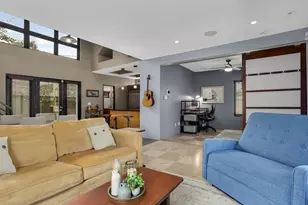 615 W 34th St, Minneapolis, MN 55408 - Photo 11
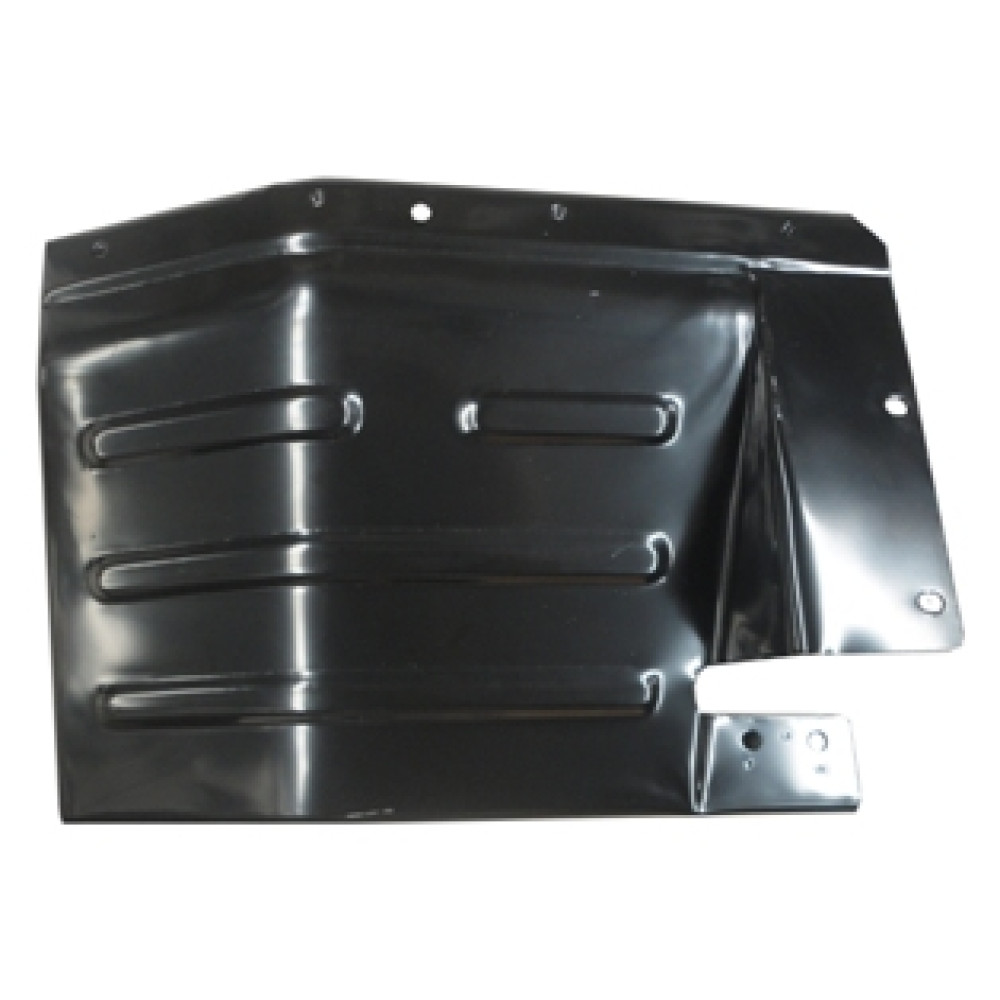 ISUZU NPR- 90/97; ÖN PAÇALIK SAĞ SAC (TYG) 988-2091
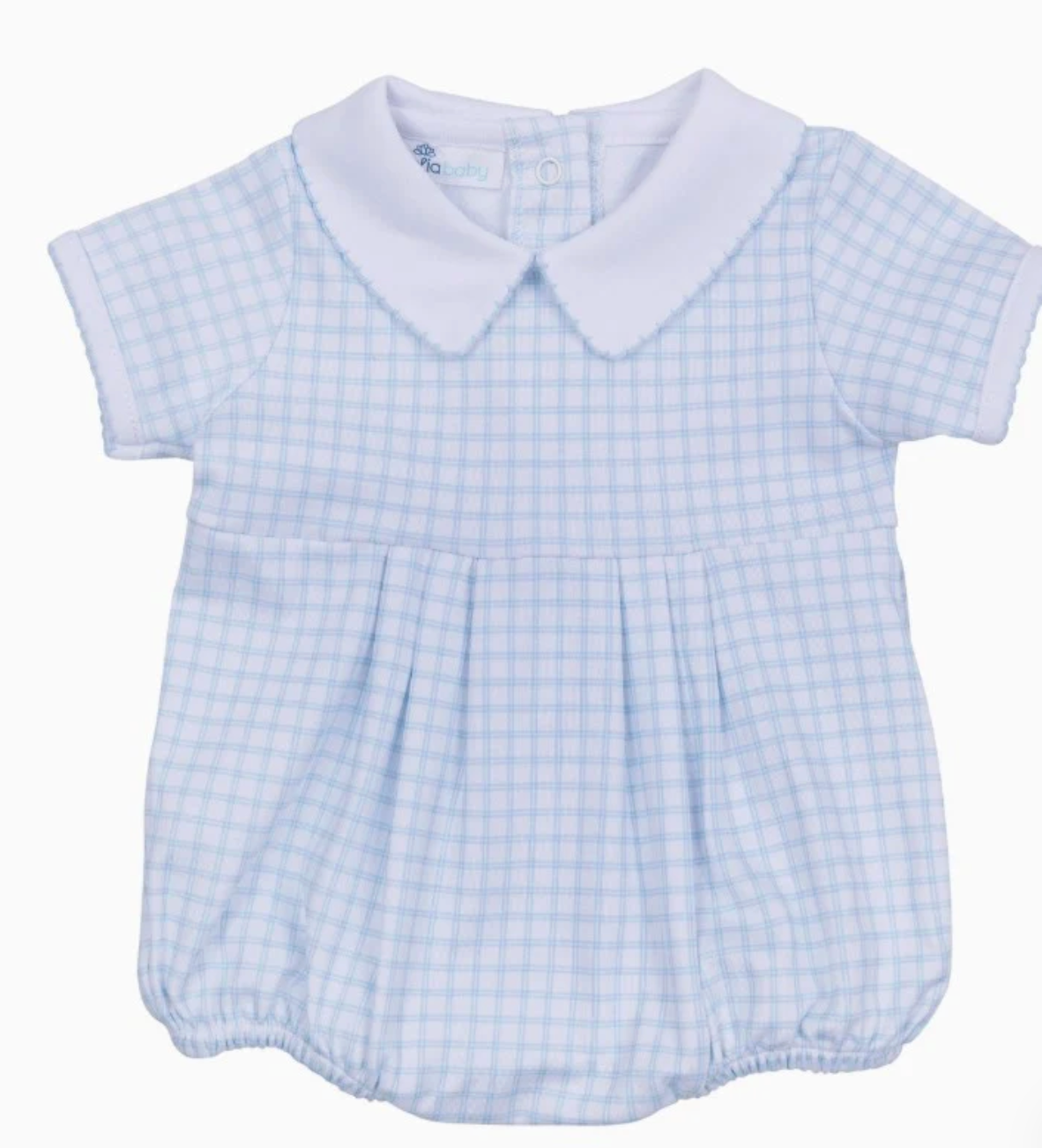 Camryn Grady, Baby Registry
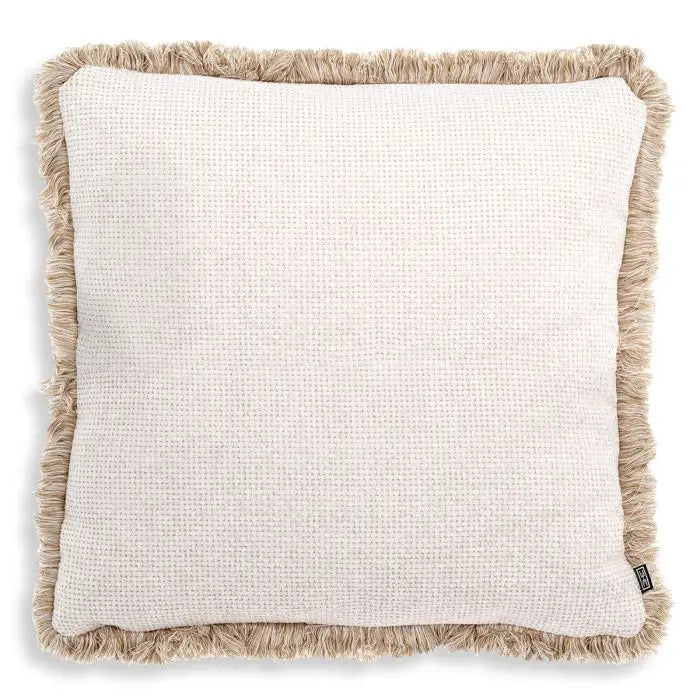 Cushion Nami L Eichholtz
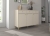 SLTango Komoda3F3S827 Bez zblizenie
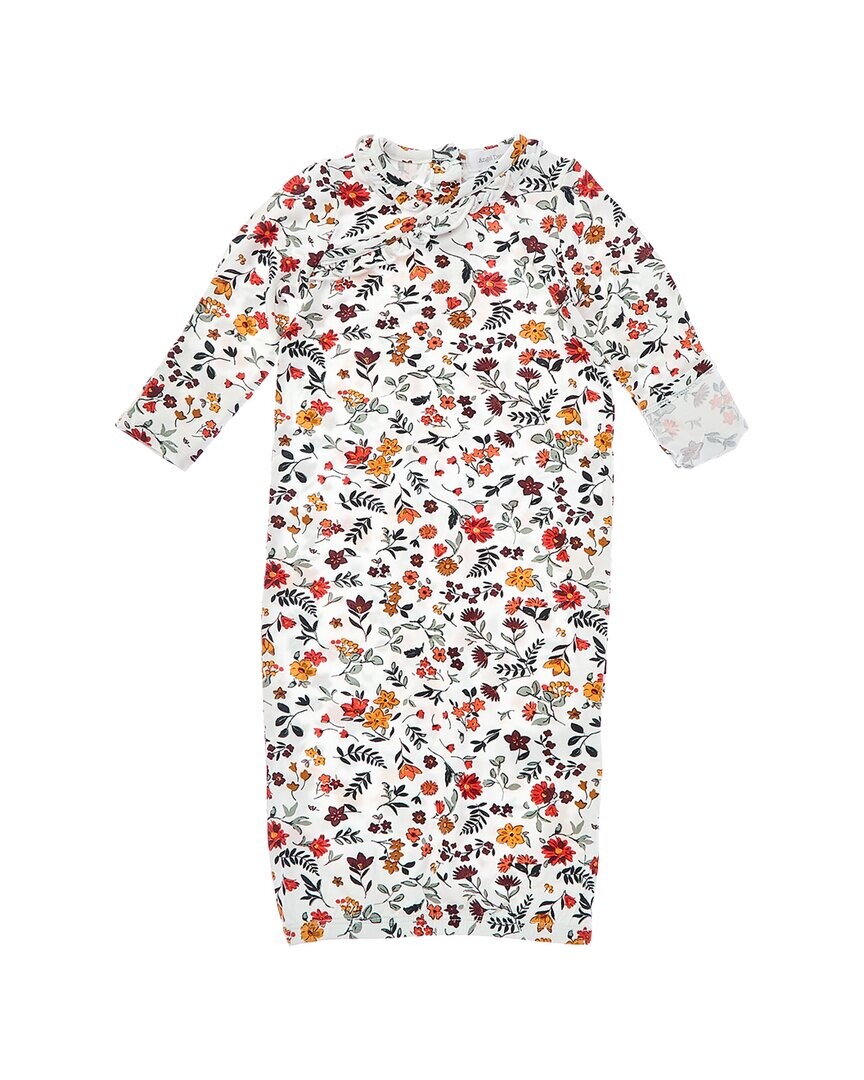 Дорогое платье ангела ANGEL DEAR, мультиколор 
Дорогое платье ангела ANGEL DEAR, мультиколор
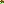 Destellos dst-1302137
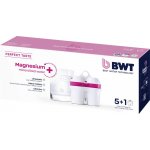 BWT Longlife Mg2+ 6 ks – Sleviste.cz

» **WHAT YOU HAVE TO DO**
Please repeat all of the data exactly as it stands, leaving the pictures out.

» **SOLUTION FOR THIS TASK**
 615 W 34th St, Minneapolis, MN 55408 - Photo 11
 ISUZU NPR- 90/97; ÖN PAÇALIK SAĞ SAC (TYG) 988-2091
 Camryn Grady, Baby Registry
 Cushion Nami L Eichholtz
 SLTango Komoda3F3S827 Bez zblizenie
 Дорогое платье ангела ANGEL DEAR, мультиколор 
Дорогое платье ангела ANGEL DEAR, мультиколор
 Destellos dst-1302137
 BWT Longlife Mg2+ 6 ks – Sleviste.cz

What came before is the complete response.